Figure 5: Teacher ranking by gradient alignment for AIME 2025 questions; the best configuration varies with question complexity.
Additional Analyses
Predictors of Alignment
While one might hope for simple proxies (e.g., KL-divergence between student and teacher probabilities) to predict where teacher guidance is helpful, the study finds only weak correlations, indicating that high-divergence is necessary but not sufficient for positive alignment. Alignment also tends to improve with depth into a reasoning chain, corresponding to increased reasoning complexity relative to prompt/boilerplate regions.
Selective Distillation
An upper-bound analysis shows that, if one could restrict distillation updates only to tokens with positive alignment, the effective gradient budget is vastly improved even when using only ~50% of the updates. While such oracle filtering is infeasible at training time, it suggests promise in using divergence-based or outcome-sensitive heuristics.
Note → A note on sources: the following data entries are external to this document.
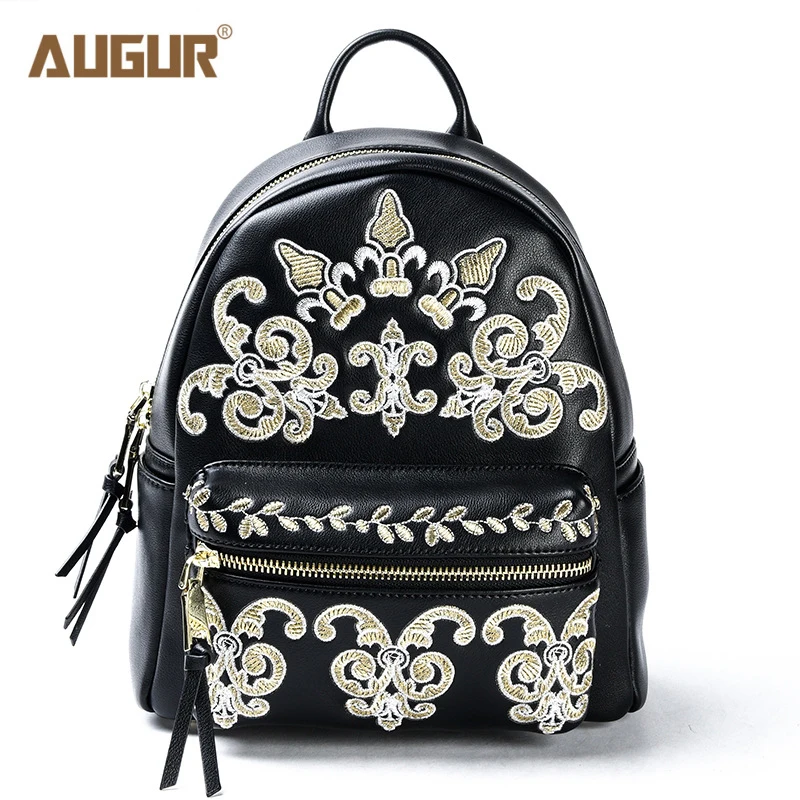 AUGUR 2017 New Backpack Fashion Trend Women High Quality Gold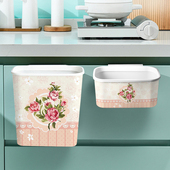 美式 垃圾桶创意壁挂悬挂收纳桶家用客厅卫生桶 田园风厨房挂式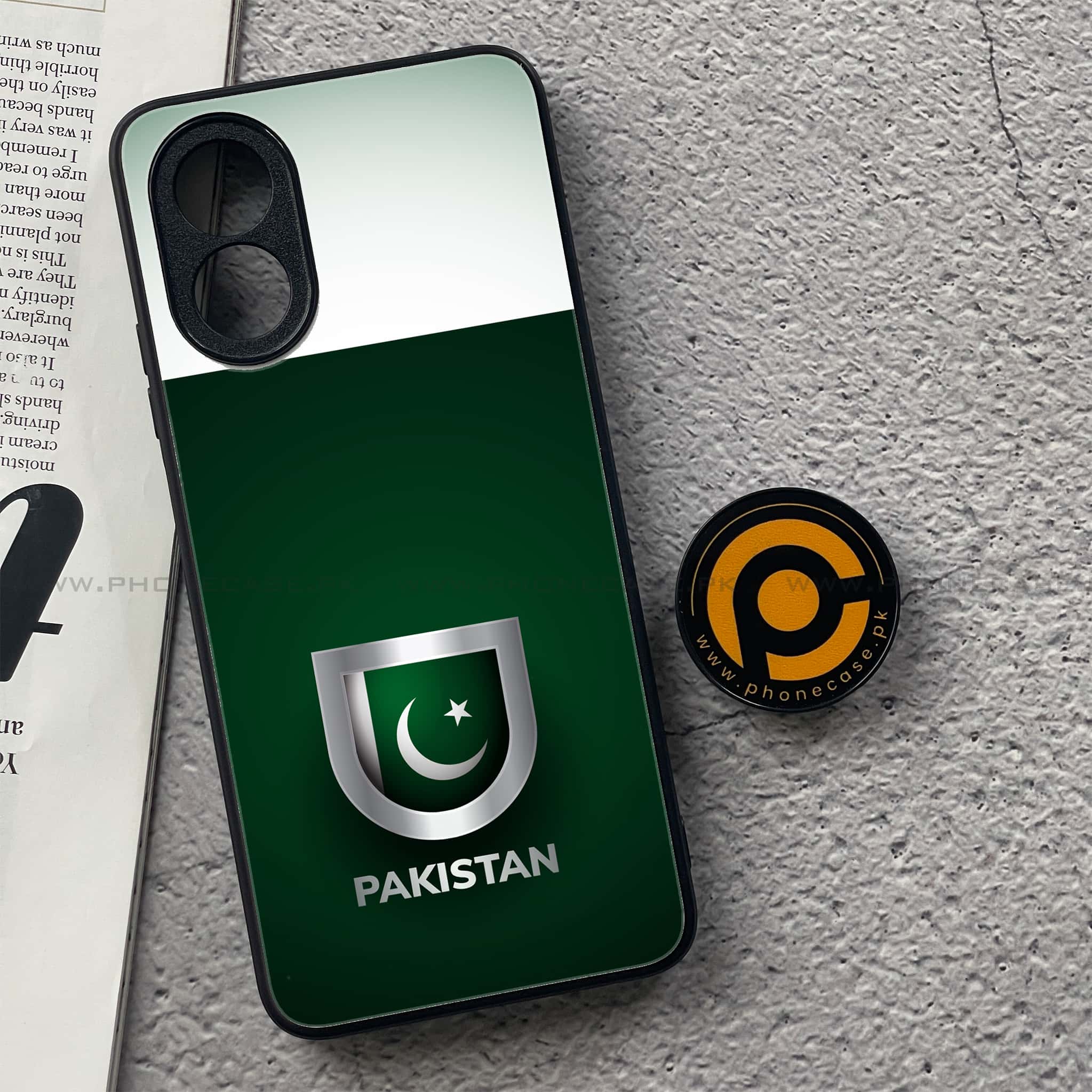 Oppo A18 4G - Pakistani Flag Series - Premium Printed Glass soft Bumper shock Proof Case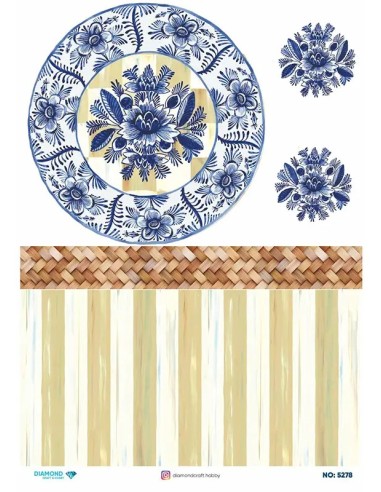 5278 Diamond Pirinç Dekopaj Kağıdı 30x42cm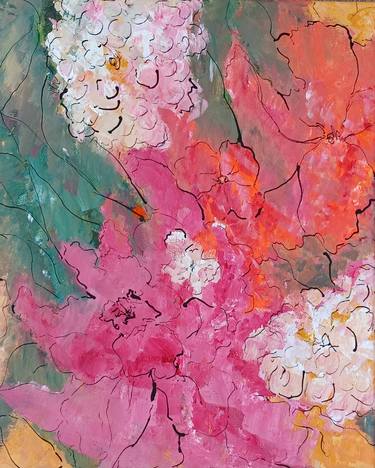 Original Abstract Expressionism Floral Paintings by Letizia Nelson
Implications and Future Directions
Practically, these results caution against monolithic distillation pipelines. Instead, they favor adaptive, diagnostic-driven selection of teacher configurations, possibly modulated at the per-token or per-task level. The heightened utility of teacher signal on incorrect trajectories motivates algorithms that upweight distillation loss on failing rollouts. Multi-teacher or mixture-of-expert configurations may further boost alignment by combining complementary strengths.
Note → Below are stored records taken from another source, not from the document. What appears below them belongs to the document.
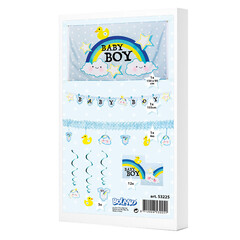 Boland Pakket 'Baby boy' (vlag, slinger, letterslinger, 3 decoratieswirls en 12 servetten)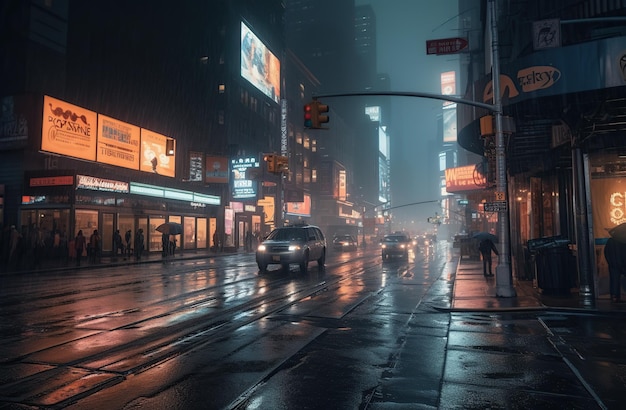 Uma noite chuvosa na Times Square, com um outdoor do filme o filme.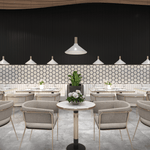 Rise Hexagon Tile: 6” x 7” - LiLi Tile commercial space 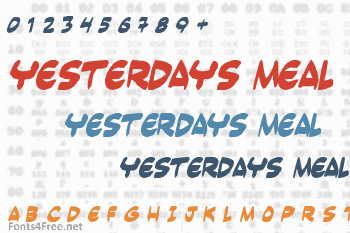 Yesterdays Meal Font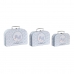 Set of decorative boxes DKD Home Decor 28 x 9,5 x 20 cm Blue Metal Multicolour Cardboard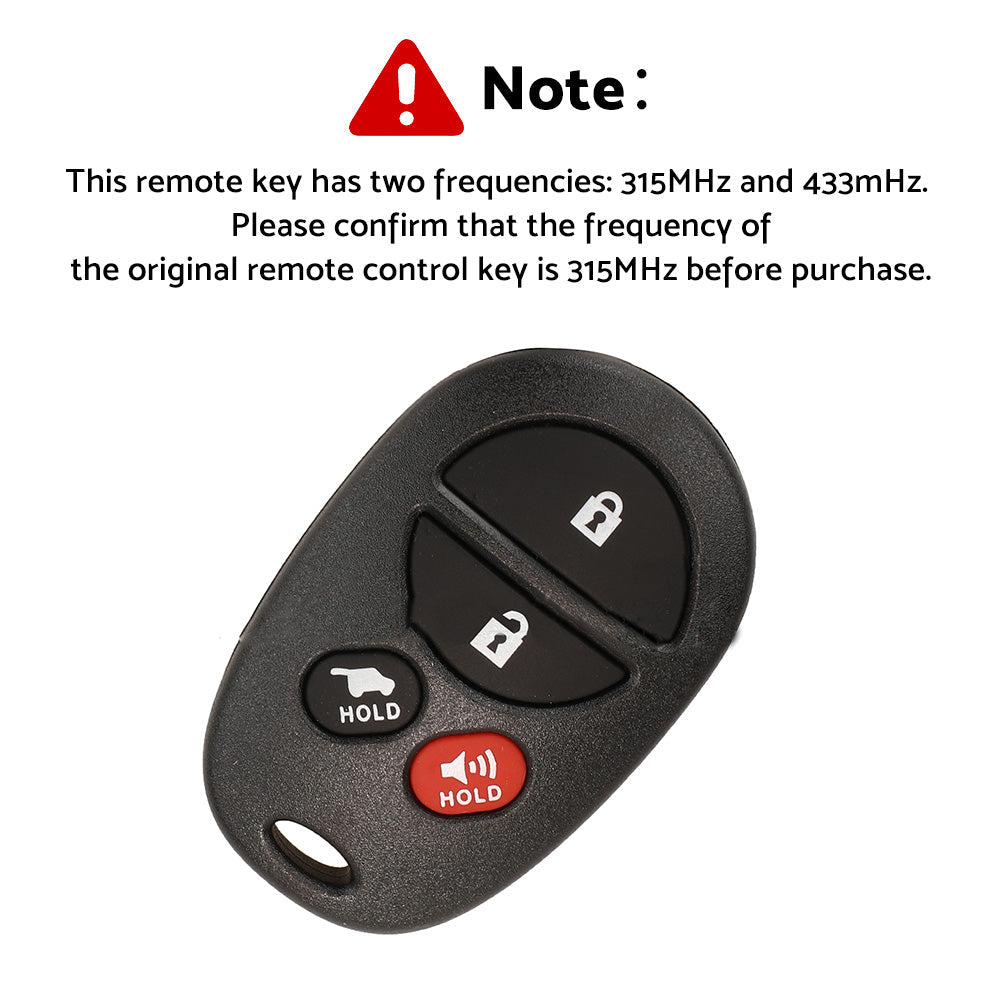 315 MHz Remote Car Key with Battery Suitable For Toyota Aurion Kluger 2006-2013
Theoretically, all major distillation and reinforcement-style reward objectives are shown to share a common per-token gradient structure, supporting the use of alignment diagnostics for the entire family of token-level training algorithms. This unification will be fundamental as the community continues to search for efficient, scalable, and robust methods for post-training reasoning model improvement.
Conclusion
This paper establishes a rigorous, high-resolution diagnostic for evaluating on-policy distillation algorithms, providing concrete evidence that the benefit of teacher guidance is heterogeneous, primarily realized on student failures, and tightly coupled to capacity and context comprehensibility. No single teacher or context suffices across tasks and conditions. This framework should become standard for analyzing and developing future distillation approaches—motivating (i) adaptive, context-aware pipelines, (ii) real-time diagnostic-informed training strategies, and (iii) rigorous ablation for teacher selection at the per-token level.
The approach also sets a foundation for more general mechanistic interpretability studies of gradient-based learning signals in LLM training regimes.